Já na Secretaria de Assistência Social, o servidor Juliano Nunes foi guindado ao cargo de função gratificada de “diretor de Alta Complexidade”. Segundo o secretário de Assistência Social, Tiago Bündchen, em depoimento ontem (19) na Câmara, Nunes foi indicado ao cargo pelo vereador Carlos Júnior, do PSD, da base do governo. Como Pai Cleber, Nunes foi afastado do cargo, depois de denúncias de que desviava dinheiro público de beneficiários do Serviço de Prestação Continuada.
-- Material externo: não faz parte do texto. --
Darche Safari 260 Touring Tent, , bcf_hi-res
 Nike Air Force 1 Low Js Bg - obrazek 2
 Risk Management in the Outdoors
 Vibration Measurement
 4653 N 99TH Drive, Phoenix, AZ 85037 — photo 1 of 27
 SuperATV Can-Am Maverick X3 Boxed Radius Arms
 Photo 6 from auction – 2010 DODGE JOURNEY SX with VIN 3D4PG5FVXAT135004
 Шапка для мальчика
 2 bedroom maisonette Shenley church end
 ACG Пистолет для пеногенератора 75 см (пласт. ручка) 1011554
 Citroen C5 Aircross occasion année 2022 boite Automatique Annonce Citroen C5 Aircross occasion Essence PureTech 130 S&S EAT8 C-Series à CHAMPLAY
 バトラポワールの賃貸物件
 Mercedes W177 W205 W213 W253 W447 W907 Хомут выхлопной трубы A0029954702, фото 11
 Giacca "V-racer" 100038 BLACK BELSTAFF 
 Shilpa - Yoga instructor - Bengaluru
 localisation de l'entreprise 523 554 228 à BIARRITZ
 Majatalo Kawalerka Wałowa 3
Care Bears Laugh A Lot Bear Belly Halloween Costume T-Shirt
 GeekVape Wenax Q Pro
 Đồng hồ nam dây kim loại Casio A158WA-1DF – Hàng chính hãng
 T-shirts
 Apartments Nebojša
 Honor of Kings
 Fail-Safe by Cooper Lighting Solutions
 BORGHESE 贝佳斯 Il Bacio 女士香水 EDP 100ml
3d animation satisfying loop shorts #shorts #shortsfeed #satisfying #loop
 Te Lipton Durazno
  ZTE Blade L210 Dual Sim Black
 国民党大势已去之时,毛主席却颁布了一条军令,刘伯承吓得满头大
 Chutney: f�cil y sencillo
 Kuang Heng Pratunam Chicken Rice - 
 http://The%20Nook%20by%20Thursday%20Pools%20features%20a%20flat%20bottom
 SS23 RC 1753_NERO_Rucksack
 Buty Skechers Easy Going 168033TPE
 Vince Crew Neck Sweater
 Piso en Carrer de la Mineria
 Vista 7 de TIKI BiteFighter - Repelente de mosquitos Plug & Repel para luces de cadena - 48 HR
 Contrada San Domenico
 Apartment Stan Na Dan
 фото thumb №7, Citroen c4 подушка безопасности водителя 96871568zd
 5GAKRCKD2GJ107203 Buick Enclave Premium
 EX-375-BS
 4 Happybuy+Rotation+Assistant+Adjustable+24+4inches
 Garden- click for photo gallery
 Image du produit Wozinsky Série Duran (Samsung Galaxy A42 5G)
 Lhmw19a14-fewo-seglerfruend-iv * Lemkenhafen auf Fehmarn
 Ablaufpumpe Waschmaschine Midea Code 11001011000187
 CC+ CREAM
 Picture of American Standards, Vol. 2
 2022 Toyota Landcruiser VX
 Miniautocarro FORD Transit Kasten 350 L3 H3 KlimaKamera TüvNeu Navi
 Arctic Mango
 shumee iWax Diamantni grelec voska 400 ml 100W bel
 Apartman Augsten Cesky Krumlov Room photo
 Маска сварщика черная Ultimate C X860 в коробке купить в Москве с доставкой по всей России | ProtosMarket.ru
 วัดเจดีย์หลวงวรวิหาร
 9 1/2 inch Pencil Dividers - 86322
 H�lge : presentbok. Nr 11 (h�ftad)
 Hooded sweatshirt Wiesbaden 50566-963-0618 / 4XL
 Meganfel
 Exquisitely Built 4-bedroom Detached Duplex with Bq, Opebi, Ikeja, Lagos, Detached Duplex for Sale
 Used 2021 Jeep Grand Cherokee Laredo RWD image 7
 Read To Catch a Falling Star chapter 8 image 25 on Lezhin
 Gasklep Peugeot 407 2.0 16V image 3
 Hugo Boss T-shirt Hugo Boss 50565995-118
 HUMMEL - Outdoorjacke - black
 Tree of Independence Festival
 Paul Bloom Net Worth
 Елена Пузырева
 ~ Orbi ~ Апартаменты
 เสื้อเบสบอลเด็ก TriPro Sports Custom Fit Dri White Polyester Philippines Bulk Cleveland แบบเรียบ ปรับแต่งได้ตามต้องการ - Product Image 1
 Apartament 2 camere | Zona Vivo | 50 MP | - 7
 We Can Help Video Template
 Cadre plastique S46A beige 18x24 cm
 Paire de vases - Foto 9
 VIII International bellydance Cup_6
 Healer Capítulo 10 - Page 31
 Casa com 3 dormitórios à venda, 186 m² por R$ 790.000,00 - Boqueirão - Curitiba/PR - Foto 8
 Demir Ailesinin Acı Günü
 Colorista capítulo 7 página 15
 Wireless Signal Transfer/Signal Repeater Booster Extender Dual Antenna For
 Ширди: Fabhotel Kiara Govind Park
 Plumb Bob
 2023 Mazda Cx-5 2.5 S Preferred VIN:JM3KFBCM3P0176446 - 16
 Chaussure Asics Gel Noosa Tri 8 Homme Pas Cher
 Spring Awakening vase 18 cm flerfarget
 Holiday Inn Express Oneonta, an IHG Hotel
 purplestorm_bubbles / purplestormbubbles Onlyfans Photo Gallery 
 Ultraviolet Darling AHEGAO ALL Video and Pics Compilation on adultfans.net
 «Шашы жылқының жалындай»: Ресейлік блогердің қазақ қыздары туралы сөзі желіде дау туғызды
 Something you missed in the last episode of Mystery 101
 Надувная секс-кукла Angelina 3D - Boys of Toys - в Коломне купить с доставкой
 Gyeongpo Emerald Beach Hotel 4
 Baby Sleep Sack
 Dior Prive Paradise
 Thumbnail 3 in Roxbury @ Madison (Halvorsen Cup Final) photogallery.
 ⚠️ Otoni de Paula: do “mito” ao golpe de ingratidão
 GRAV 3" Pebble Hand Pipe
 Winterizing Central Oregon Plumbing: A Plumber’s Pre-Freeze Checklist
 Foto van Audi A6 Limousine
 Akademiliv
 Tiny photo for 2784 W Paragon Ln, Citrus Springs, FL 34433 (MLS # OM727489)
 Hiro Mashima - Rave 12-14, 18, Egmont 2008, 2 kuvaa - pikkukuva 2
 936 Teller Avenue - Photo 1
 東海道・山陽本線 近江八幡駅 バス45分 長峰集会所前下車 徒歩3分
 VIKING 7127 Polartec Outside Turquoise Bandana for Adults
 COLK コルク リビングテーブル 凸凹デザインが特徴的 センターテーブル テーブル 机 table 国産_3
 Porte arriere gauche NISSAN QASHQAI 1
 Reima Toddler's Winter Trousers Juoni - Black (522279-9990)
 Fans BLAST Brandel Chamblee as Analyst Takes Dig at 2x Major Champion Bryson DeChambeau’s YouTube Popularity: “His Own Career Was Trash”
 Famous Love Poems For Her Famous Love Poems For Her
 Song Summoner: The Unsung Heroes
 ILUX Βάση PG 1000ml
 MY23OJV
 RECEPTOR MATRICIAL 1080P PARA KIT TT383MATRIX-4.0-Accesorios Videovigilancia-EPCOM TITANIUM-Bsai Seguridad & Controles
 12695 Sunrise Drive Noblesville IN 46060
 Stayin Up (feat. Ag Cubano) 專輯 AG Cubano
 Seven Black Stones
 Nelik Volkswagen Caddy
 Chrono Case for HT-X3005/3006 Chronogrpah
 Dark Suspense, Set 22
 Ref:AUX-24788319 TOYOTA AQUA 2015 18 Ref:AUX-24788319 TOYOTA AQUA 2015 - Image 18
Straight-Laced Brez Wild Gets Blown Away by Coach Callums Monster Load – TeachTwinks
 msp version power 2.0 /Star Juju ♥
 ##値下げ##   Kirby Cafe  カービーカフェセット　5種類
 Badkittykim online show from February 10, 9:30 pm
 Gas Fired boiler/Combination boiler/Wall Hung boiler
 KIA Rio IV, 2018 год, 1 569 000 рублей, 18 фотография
O Grupo de Atuação Especial de Combate ao Crime Organizado esteve na casa de Nunes, onde fez buscas e apreensões.

Já no Pronto Socorro Municipal, Misael da Cunha, então vice-presidente do PSDB e ex-tesoureiro do partido, foi elevado ao cargo de “gerente executivo do Pronto Socorro”, de onde acabou afastado após a descoberta de pagamentos em duplicidade a uma empresa específica. O caso motivou uma CPI, em curso na Câmara, onde Brizolara tem insistido em que se abra uma outra CPI específica para investigar a Secretaria de Assistência Social.

Por esses casos estima-se os riscos da indicação política de pessoas para cargos-chave. De apelo eleitoral. E que operam verbas.

Vereadores indicando cargos, de qualquer tipo, e a autoridade na prefeitura aceitando, é um sinal da miséria brasileira, da falta de entendimento do papel institucional. Às vezes cansa falar disso.

A imagem da patrola parece resumir o que ocorre.